### ABOUT THIS TASK
Give back the records below verbatim, please, but without a single image.

### EXERCISE MATERIALS

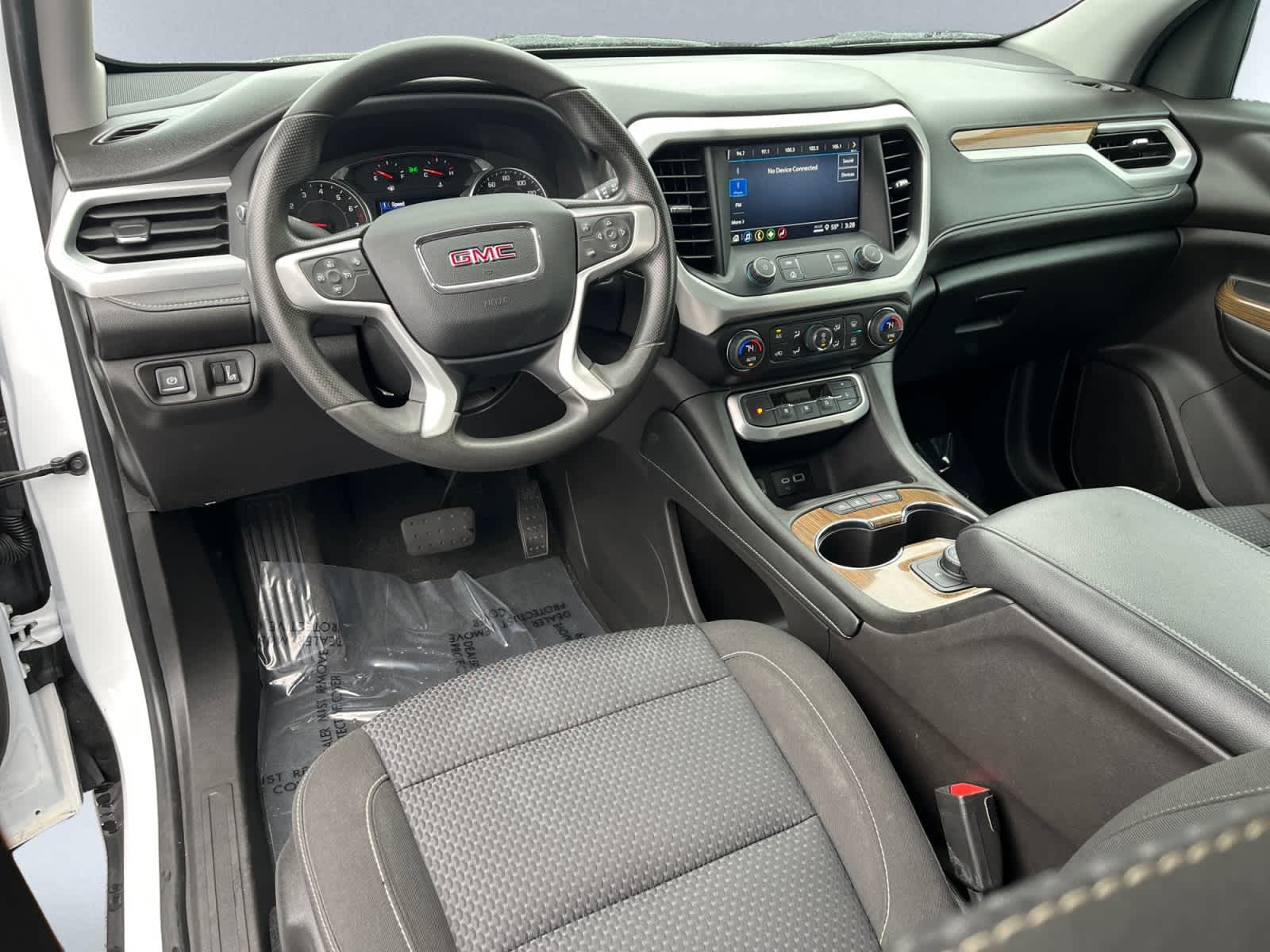 used 2022 GMC Acadia car, priced at $26,115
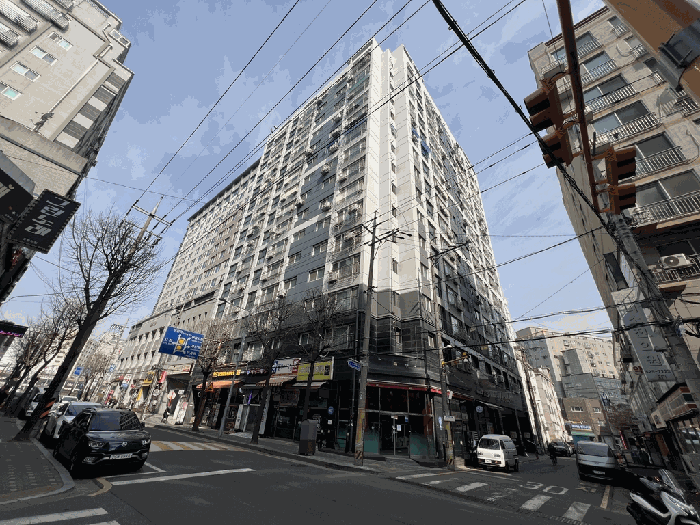 인천광역시 부평구 부평동 508-5 엠타워9  8층808호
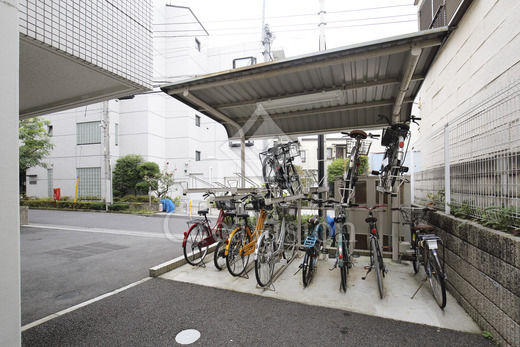 コンフォリア中野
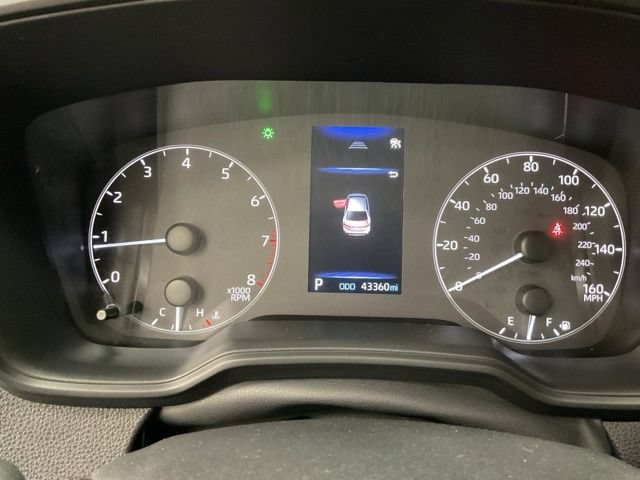 2025 Toyota Corolla SE CVT - Image 21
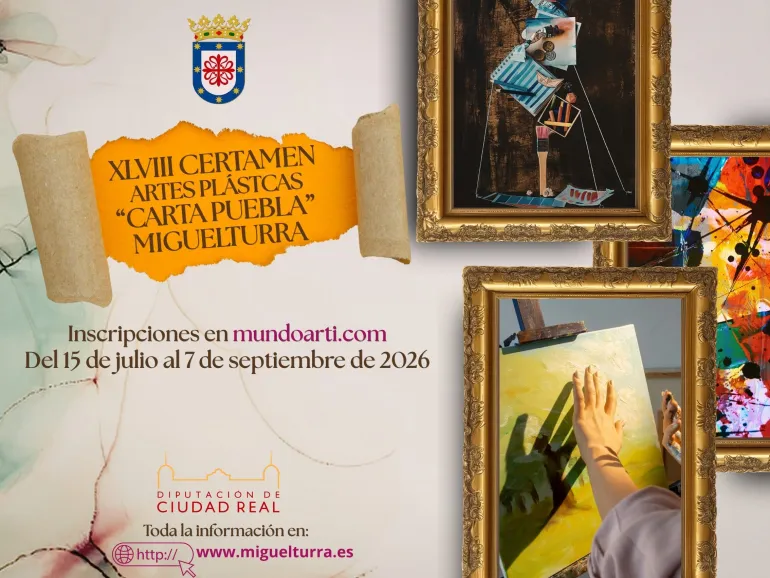 xlvii certamen carta puebla 2026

### EXERCISE RESPONSE
 used 2022 GMC Acadia car, priced at $26,115
 인천광역시 부평구 부평동 508-5 엠타워9  8층808호
 コンフォリア中野
 2025 Toyota Corolla SE CVT - Image 21
 xlvii certamen carta puebla 2026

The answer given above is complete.